Task prompt: Transcribe, starting at the line with "九游會(huì)j9官網(w" and ending at the line with "В Аулиеколе часть", every line of the material below exactly, but leave out the pictures and anything outside that span.

Provided records:
——————
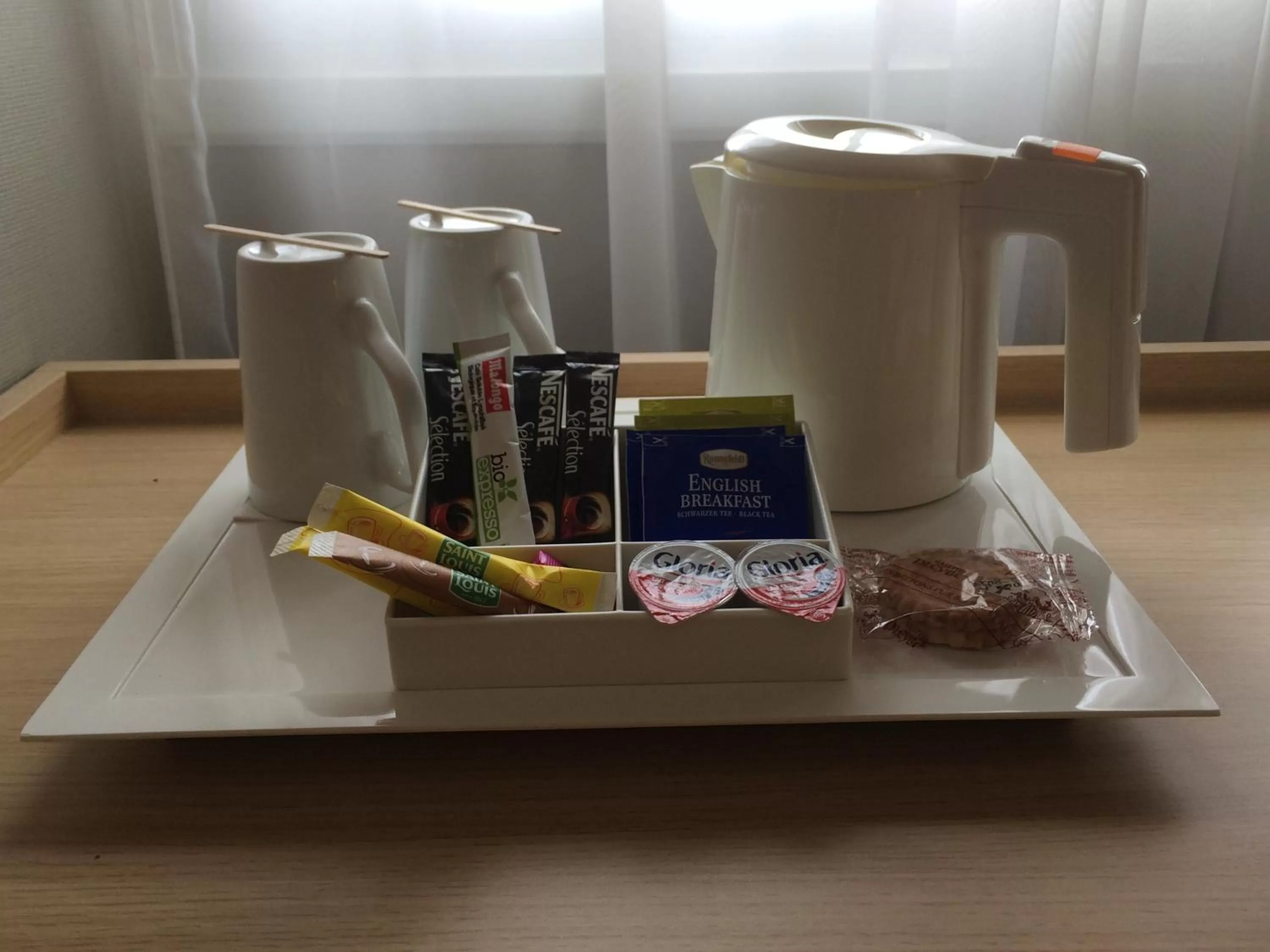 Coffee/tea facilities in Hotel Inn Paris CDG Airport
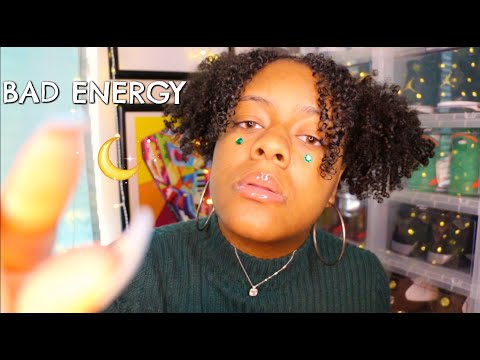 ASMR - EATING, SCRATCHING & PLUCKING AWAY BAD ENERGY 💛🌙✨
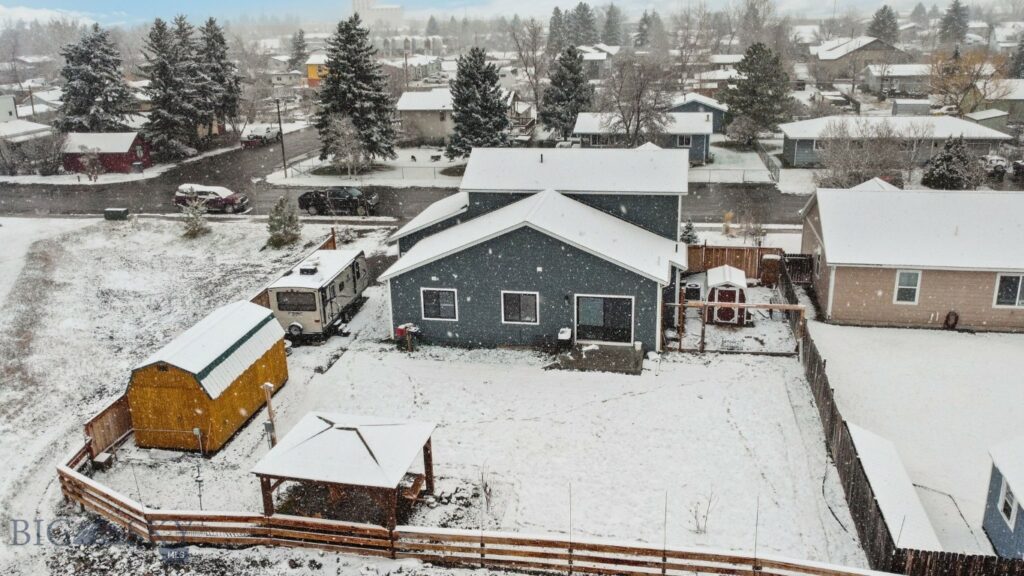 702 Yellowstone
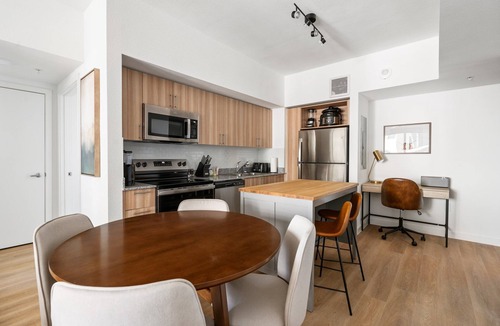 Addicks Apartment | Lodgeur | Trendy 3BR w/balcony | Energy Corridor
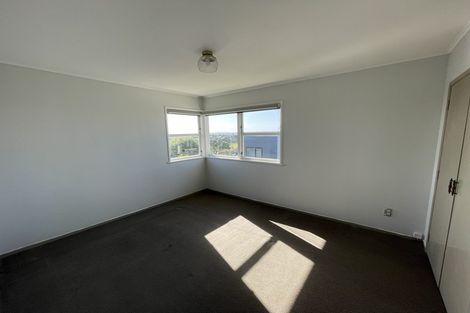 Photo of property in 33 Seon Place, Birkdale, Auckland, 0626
——————
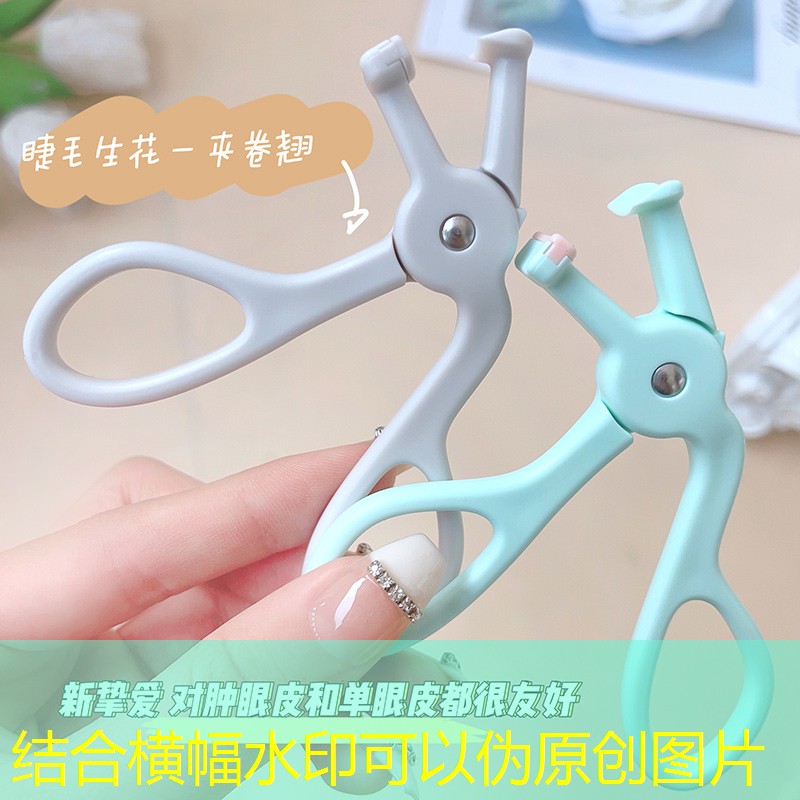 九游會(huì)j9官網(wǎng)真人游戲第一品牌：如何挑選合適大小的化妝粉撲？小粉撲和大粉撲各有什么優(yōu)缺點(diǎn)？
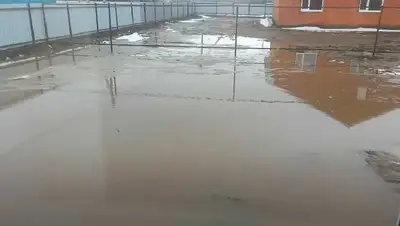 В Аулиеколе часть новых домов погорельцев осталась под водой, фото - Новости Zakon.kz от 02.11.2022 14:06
——————
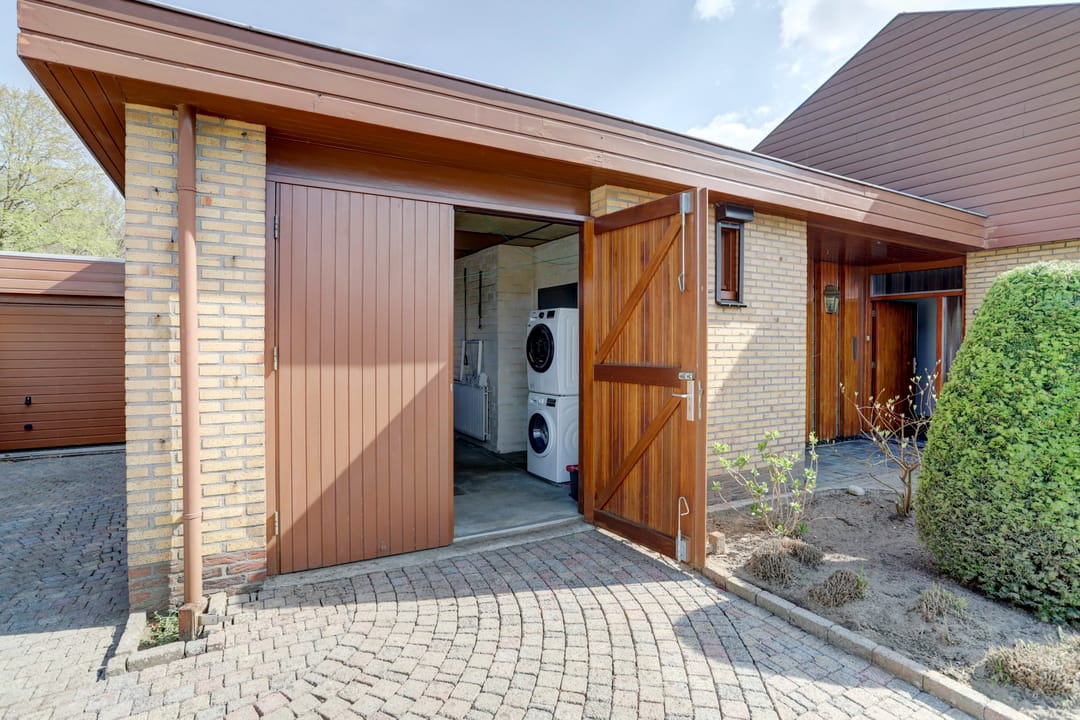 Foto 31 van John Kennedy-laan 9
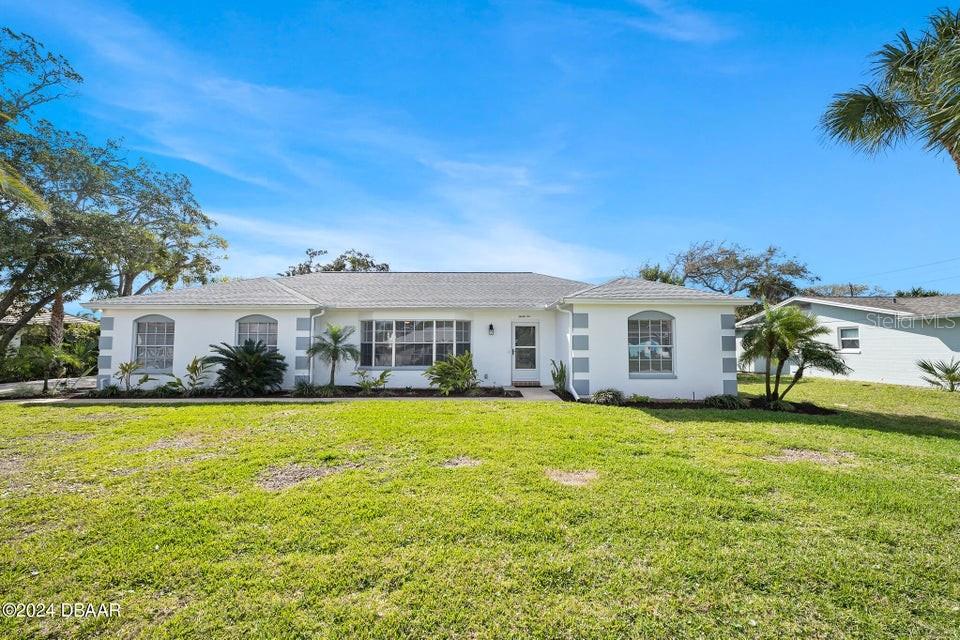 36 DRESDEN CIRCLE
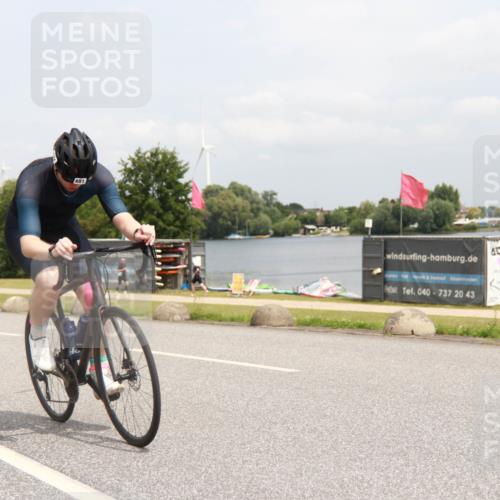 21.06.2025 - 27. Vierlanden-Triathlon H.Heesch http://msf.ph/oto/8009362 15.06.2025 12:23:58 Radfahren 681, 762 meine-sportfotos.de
——————
Exercise output:
 九游會(huì)j9官網(wǎng)真人游戲第一品牌：如何挑選合適大小的化妝粉撲？小粉撲和大粉撲各有什么優(yōu)缺點(diǎn)？
 В Аулиеколе часть новых домов погорельцев осталась под водой, фото - Новости Zakon.kz от 02.11.2022 14:06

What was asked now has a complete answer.